Of course, it can't all be society's fault. Blame has to lie, at least in part, somewhere else. And it does. Some of my problems are...my wife's fault.
Hear me out. There is a side of me that resents it when Susan chastises me for thinking too much about work. I mean, I was 12 when I got my first rejection letter from a publisher. In other words, I was a writer long before I was a parent.
My career is part of my identity, and even when Susan's right about the times that I need to stop and smell the roses -- without trying to interview the gardener first -- I can't help but feel she's rejecting a part of who I am.
But passion doesn't excuse a dad from neglecting his family. I once interviewed a father who owned a company during the dot-com craze. He bragged that despite the 24/7 nature of his work, he always managed to get home in time to kiss his kids good night.

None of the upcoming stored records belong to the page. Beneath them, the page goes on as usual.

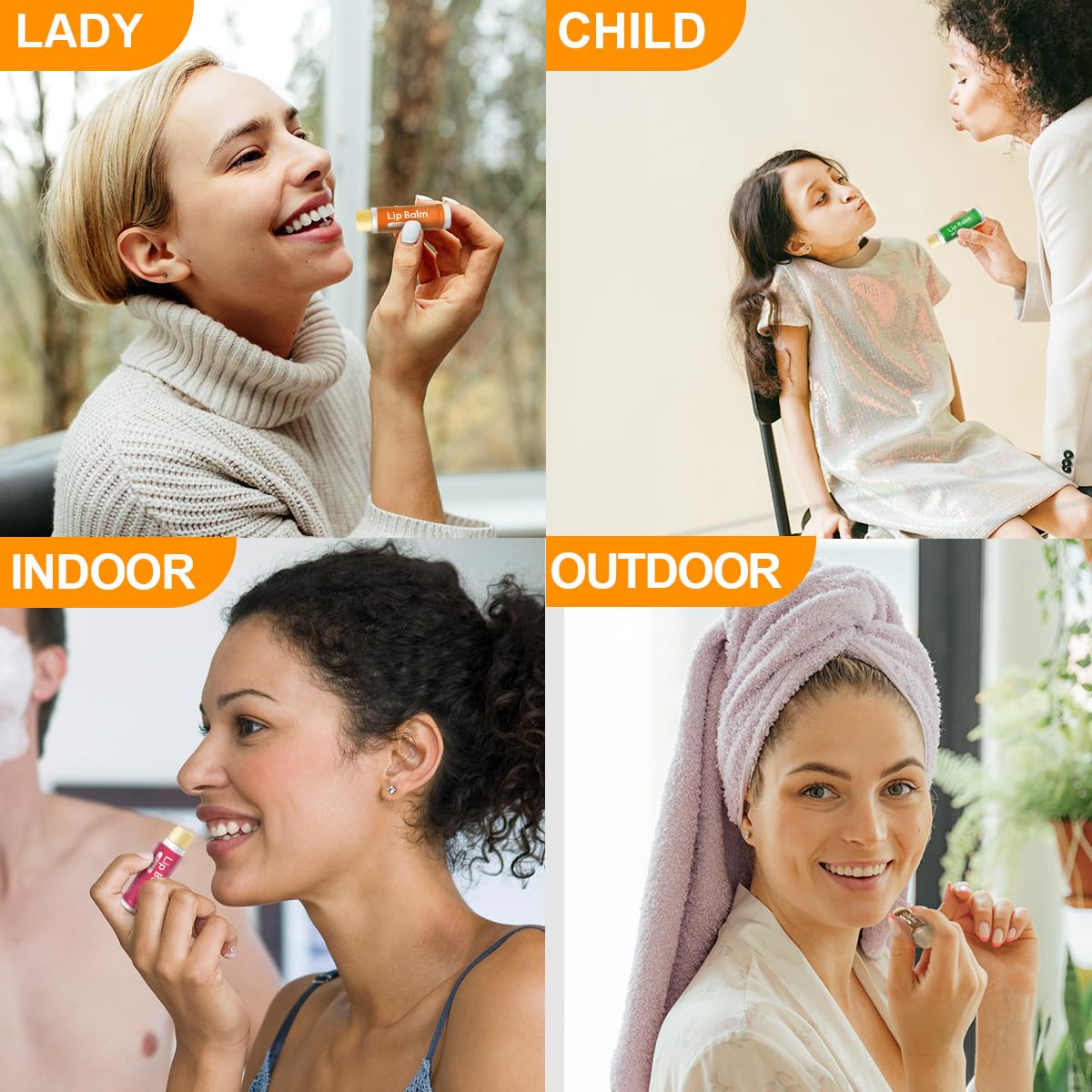 Yopela lip balm gentle for sensitive lips and all ages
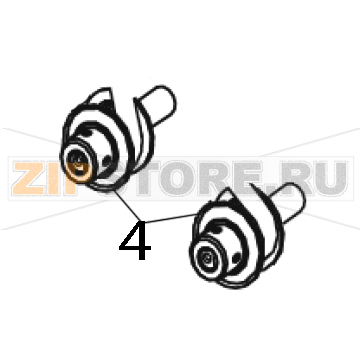 Kit pulley for elastomer pinch roller or peel roller (203 and 300 dpi) RH and LH Zebra 170PAX4 Kit pulley for elastomer pinch roller or peel roller (203 and 300 dpi) RH and LH Zebra 170PAX4Запчасть на деталировке под номером: 4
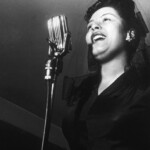 Billie Holiday sings at a Sunday afternoon jam session.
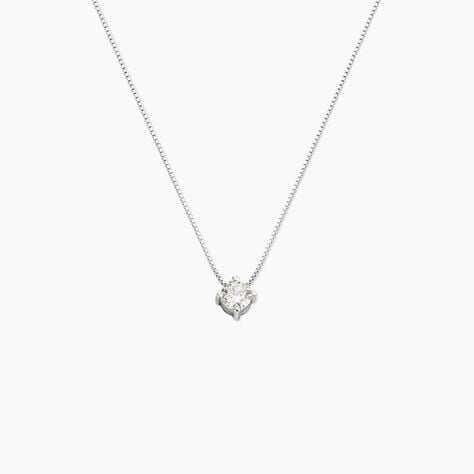 Collier Rio Argent Blanc Oxyde De Zirconium - Colliers fantaisie Femme | Histoire d&rsquo;Or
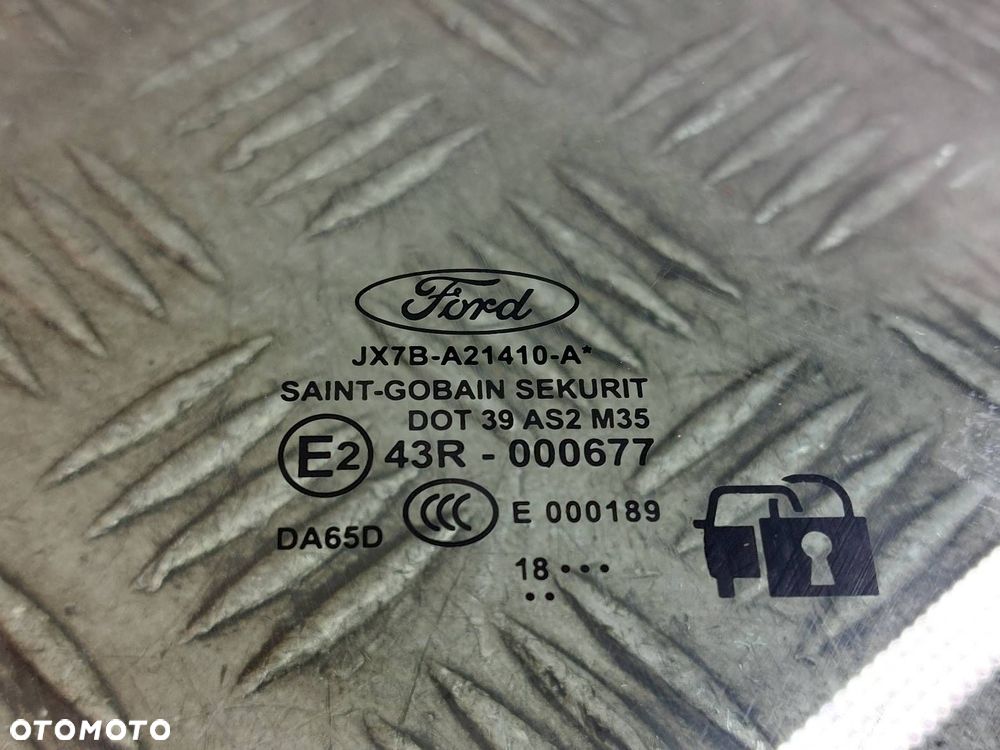 SZYBA DRZWI PRAWY PRZÓD FORD FOCUS MK4 JX7B-A21410-A 2018R - 2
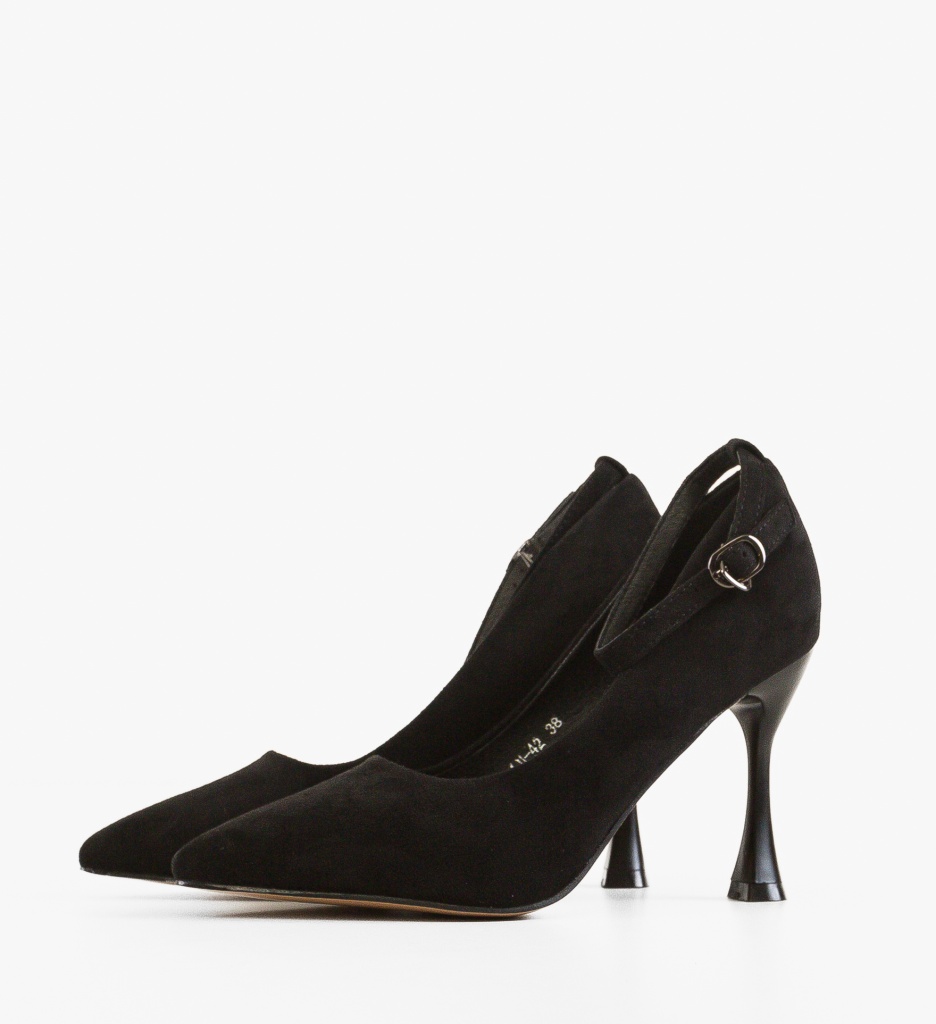 Pantofi Opium Negri Eleganți cu Toc - imagine 4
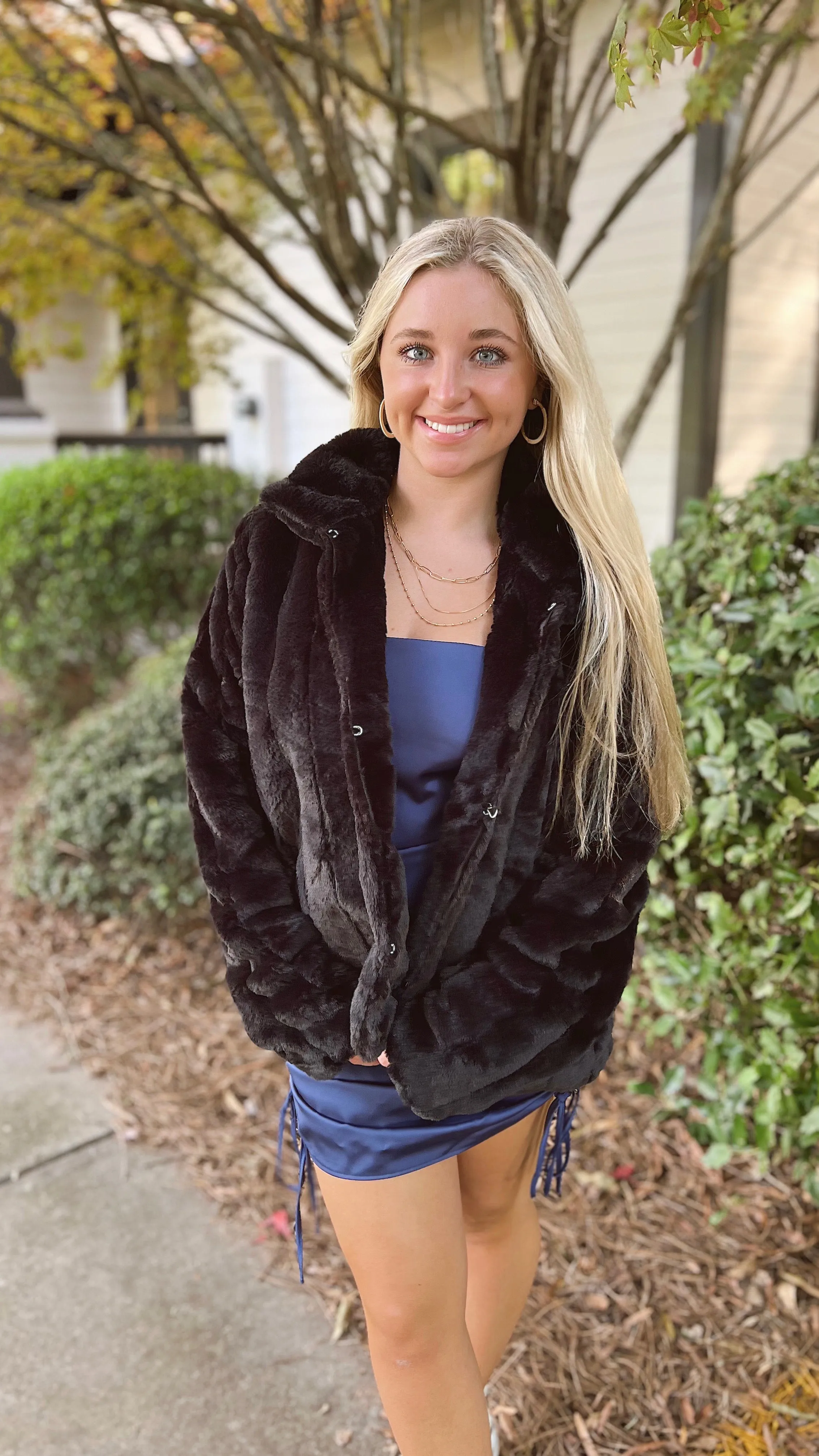 Knock Out Faux Fur Jacket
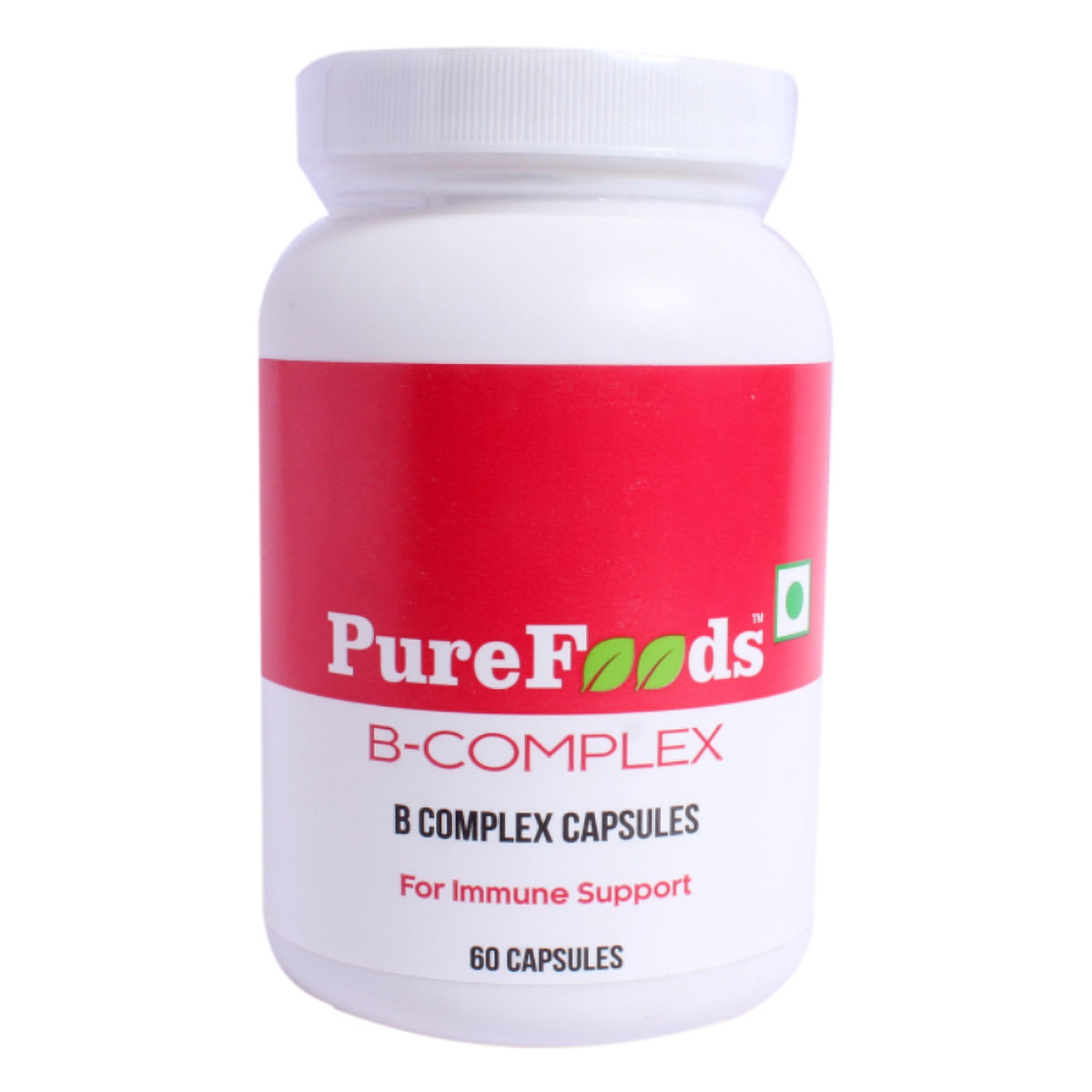 PureFoods B-Complex, 60 Capsules | Uses, Benefits, Price | Apollo Pharmacy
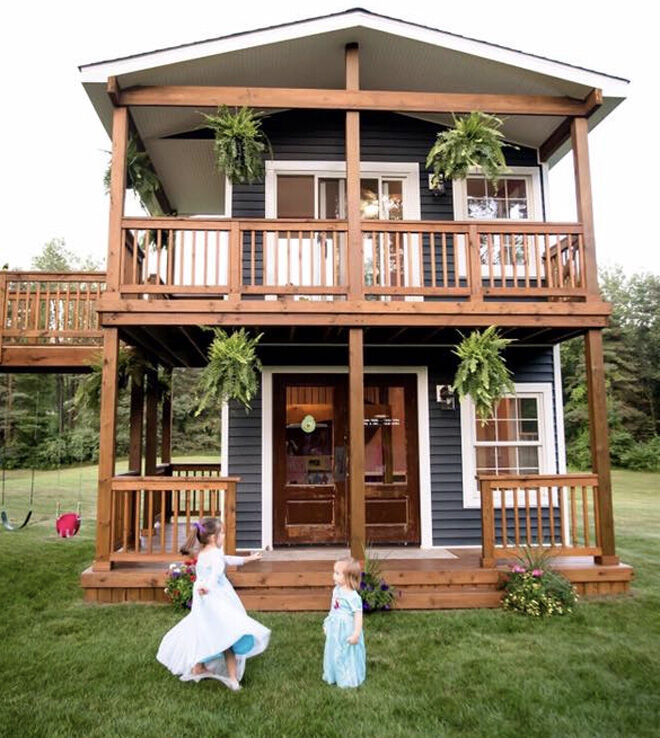 This double-storey, dad-built cubby house will blow your mind!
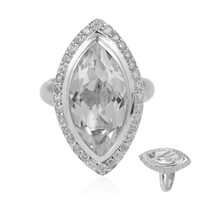 Anello in argento con Quarzo Bianco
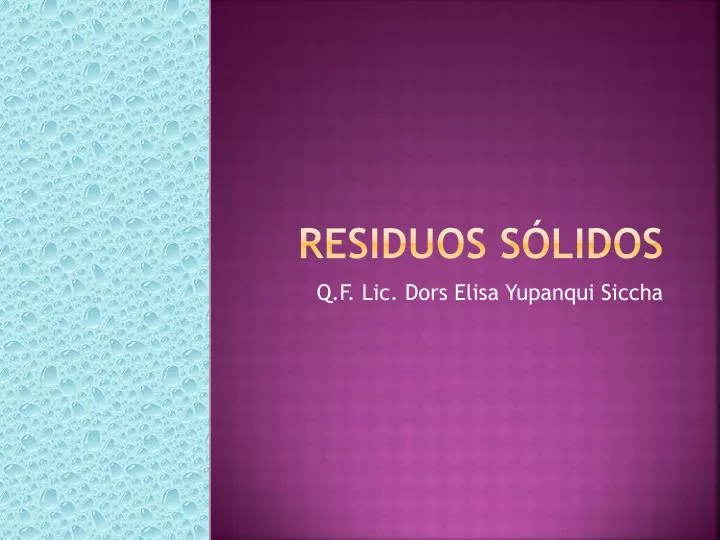 residuos s lidos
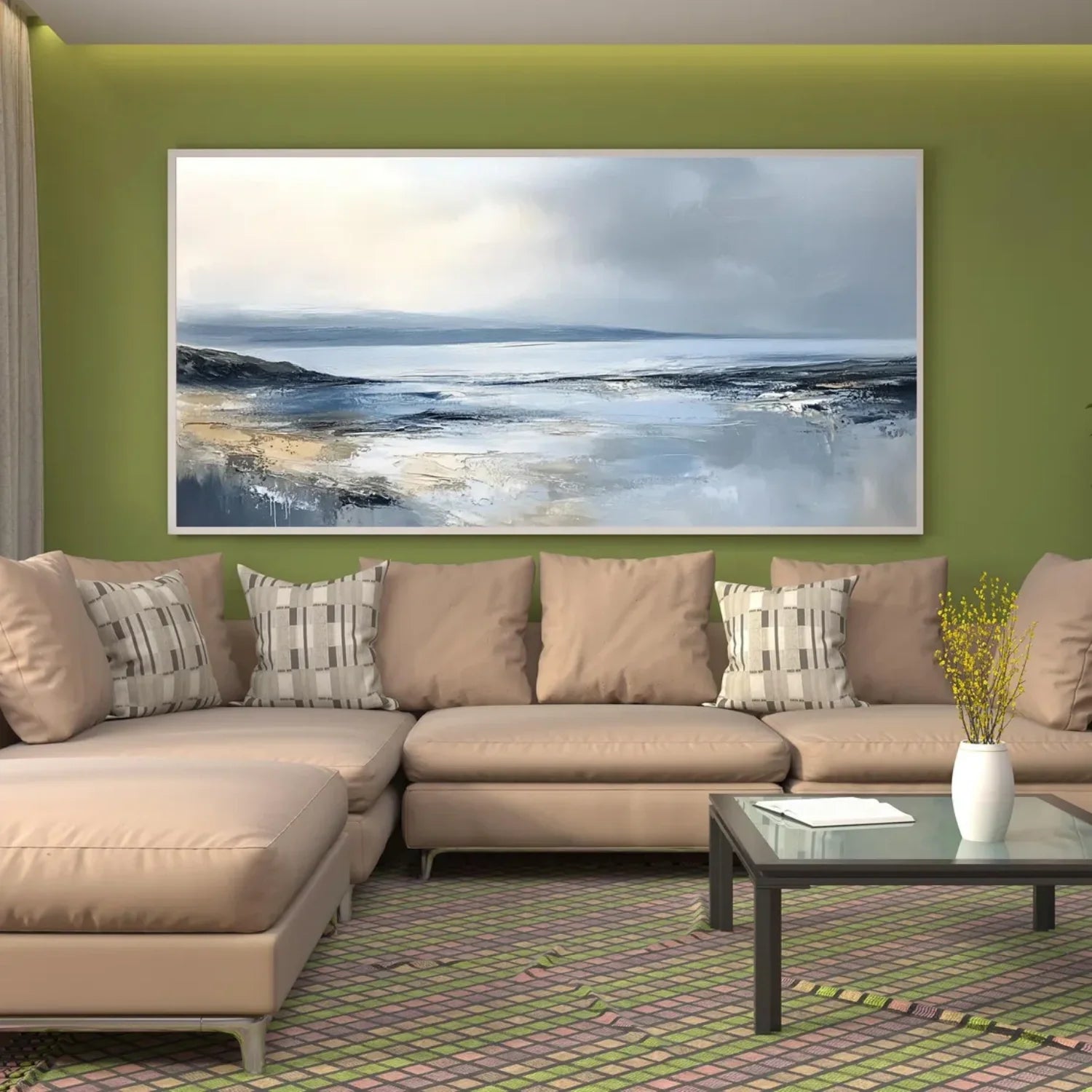 Sea & Sky Abstract Wall Art #MS133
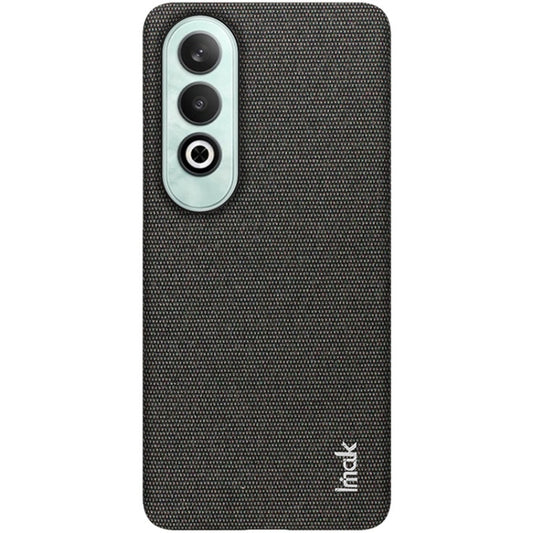 For OPPO K12 5G imak Ruiyi Series Cloth Texture PU + PC Phone Case(Black) by imak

I thought, "You want a medal because you fit your kids into your life for two minutes a day?"
As one of my female friends pointed out, my struggles are nothing new. The push and pull of family, work, and personal identity has been dizzying women for decades. Now it's our turn as fathers to figure it all out.
So far, the only thing I've learned is that if my kids and my career ever do mesh seamlessly, I'll be close to some sort of nirvana. That's why I'll still send postcards from my business trips, why I'll keep telling Lorelei about the articles I write, and why I'm even pondering how another baby would fit into the mix.
After all, Susan's first labor lasted 36 hours -- more than enough time to discreetly check e-mail. So if we do go for a third, I just may sneak a laptop into the delivery room.